James Lay Jr., 61, an employee of Kansas Personnel Services temporarily assigned to Goodyear, was killed when a falling object struck him in the head.
OSHA Region 7, which covers Kansas, investigated the incident and issued three serious citations against Goodyear June 6.
The first citation was for hazardous storage of material.
"In the Stores area, the employer is failing to ensure that the storage of material does not create a hazard," OSHA said in its citation. "Various diameters and lengths of metal are stored leaning against the wall unrestrained." The proposed penalty for this alleged violation was $12,675.
In the second citation, OSHA said that pendant control boxes in the Topeka plant were not constructed to prevent an electrical shock.
One pendant control box each in Plant 1 and Plant 2 were damaged, and employees were exposed to a shock hazard as a result, the agency said. The fine for this penalty was $5,079.
The third citation alleged that alloy steel chain slings were not being inspected regularly.
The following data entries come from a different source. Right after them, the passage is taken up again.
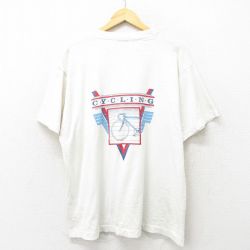 XL★古着 半袖 ビンテージ Tシャツ メンズ 90年代 90s サイクリング クルーネック 白 ホワイト 24mar01 中古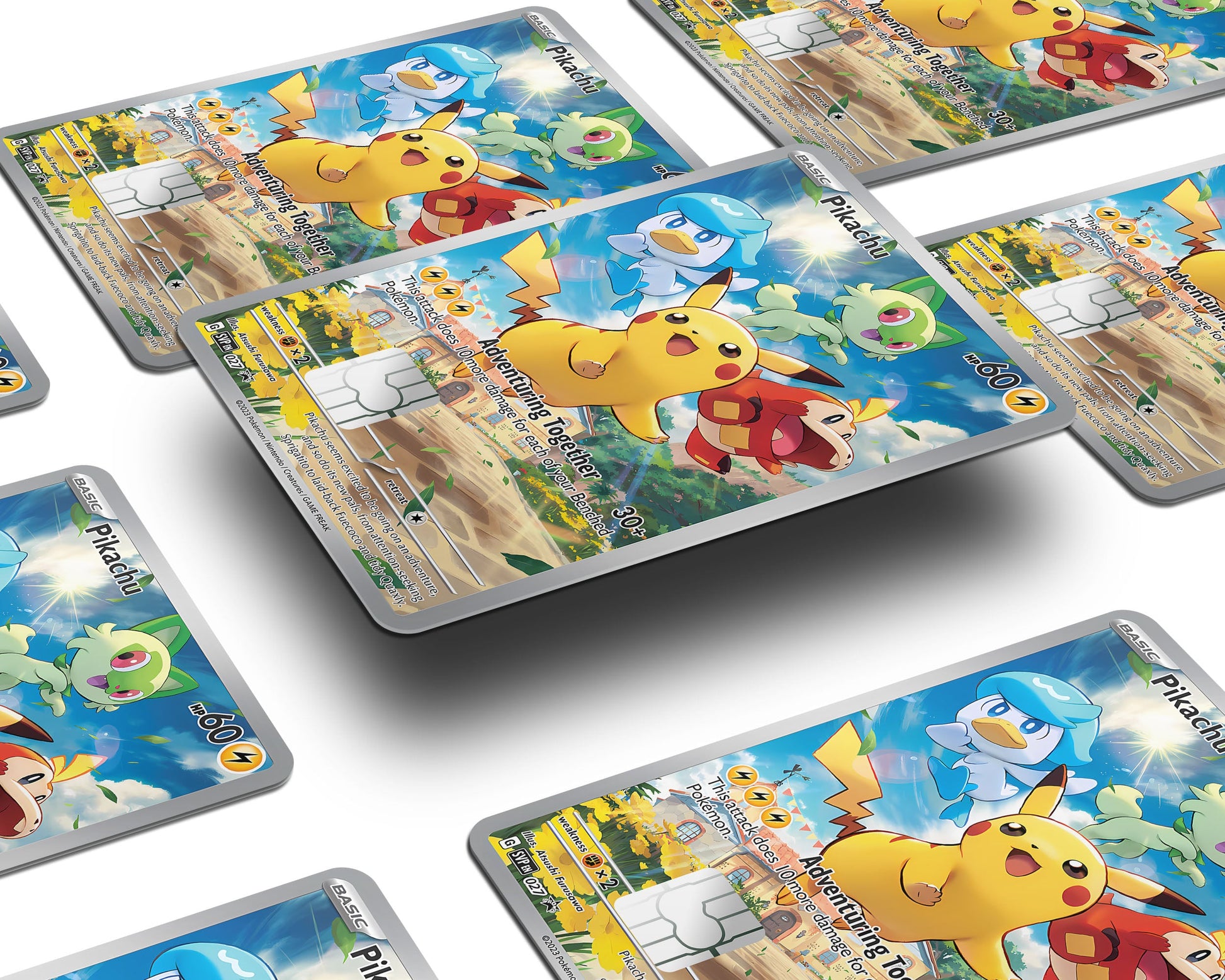 Anime Town Creations Credit Card Pikachu & Friends Pokemon Card Window Skins - Anime Pokemon Credit Card Skin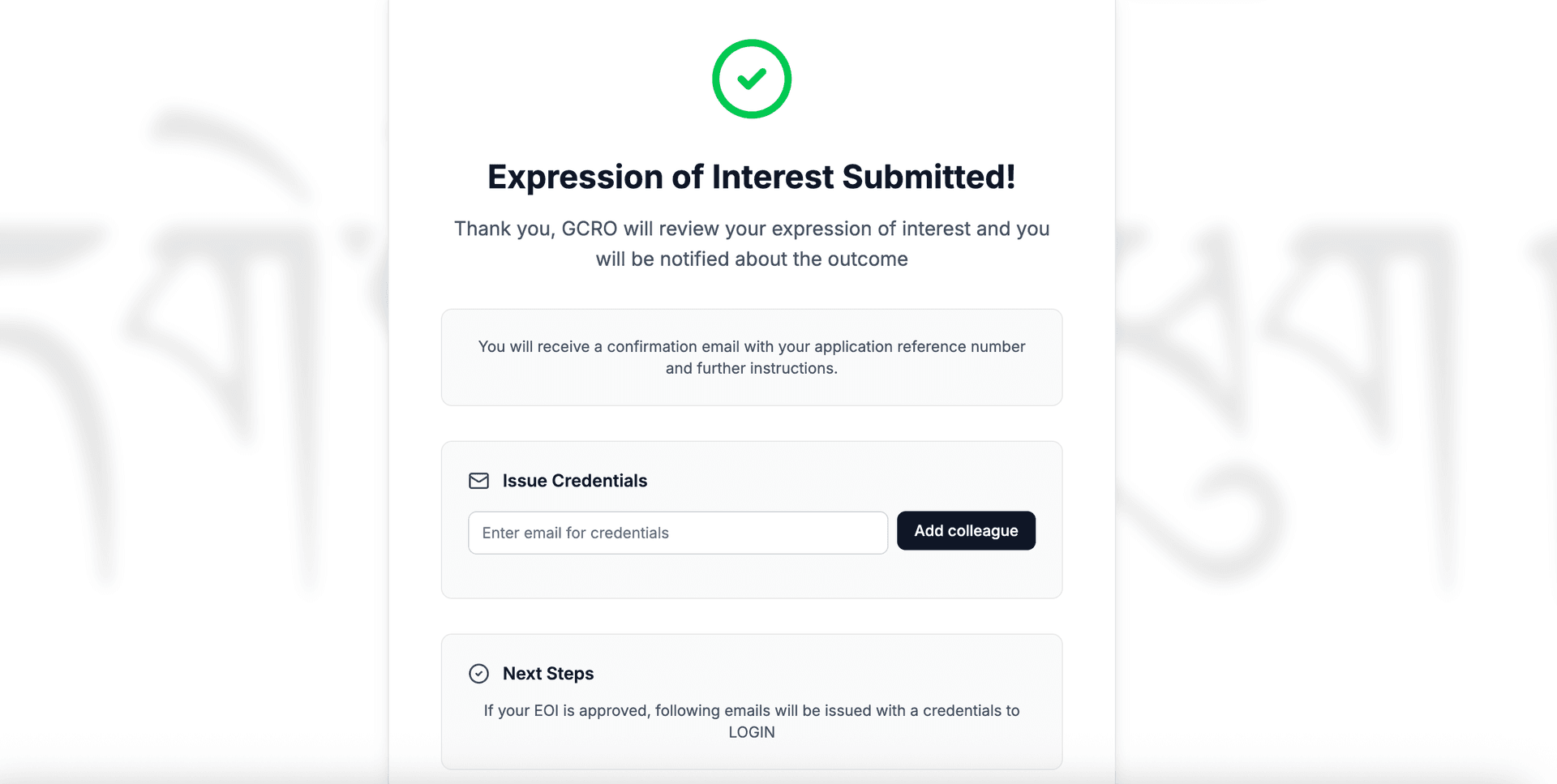 GCRO Expression of Interest Page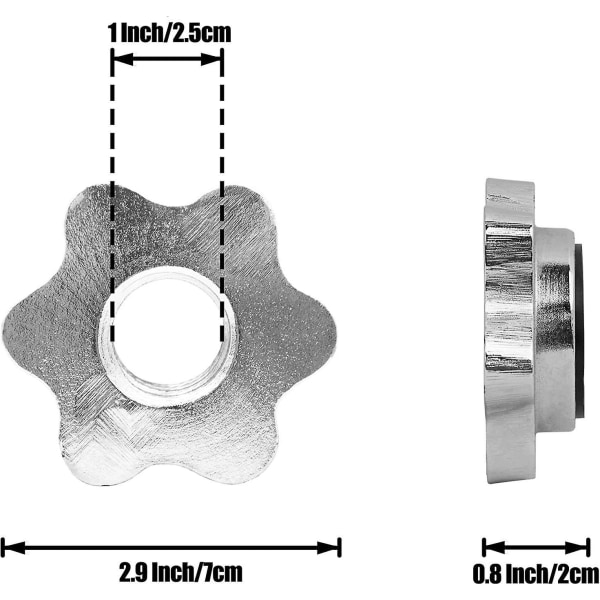 4 delar hantel, halkskydd 25 mm standard spinlock krage, skruvfästen för skivstång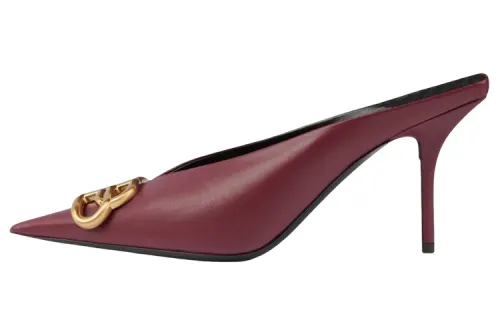Balenciaga Knife BB Leather Logo Stylish Sandal 8cm Women's Dark Red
One chain sling in Plant 2 had not been inspected since Aug. 13, 2015, and three others were not inspected between that date and Dec. 22, 2016, according to OSHA. It levied a penalty of $9,959 for that violation.
As is usual with OSHA citations, Goodyear has 15 working days from the date of the citations to meet with OSHA officials to discuss the citations, pay the fines and correct the violations, or formally contest the citations.
In a statement, Goodyear said it was following the standard administrative process for responding to OSHA citations.
“This is part of the formal process to engage with OSHA on its findings and seek a mutually acceptable resolution,” the tire maker said. “We can't discuss specifics while the discussions are in progress.”
During the investigation, the tire maker said that "nothing is more important to Goodyear than ensuring a safe work environment within all our facilities."
Goodyear also said it has robust safety systems in place at all its facilities, and it works constantly to strengthen those programs through ongoing contractor training, voluntary inspections and rigorous safety audits.
Goodyear employs 1,600 at the 73-year-old Topeka plant.
In February 2017, Goodyear made a $1.75 million settlement with the Virginia Department of Labor over four workplace deaths that occurred at Goodyear's Danville, Va., plant between August 2015 and August 2016.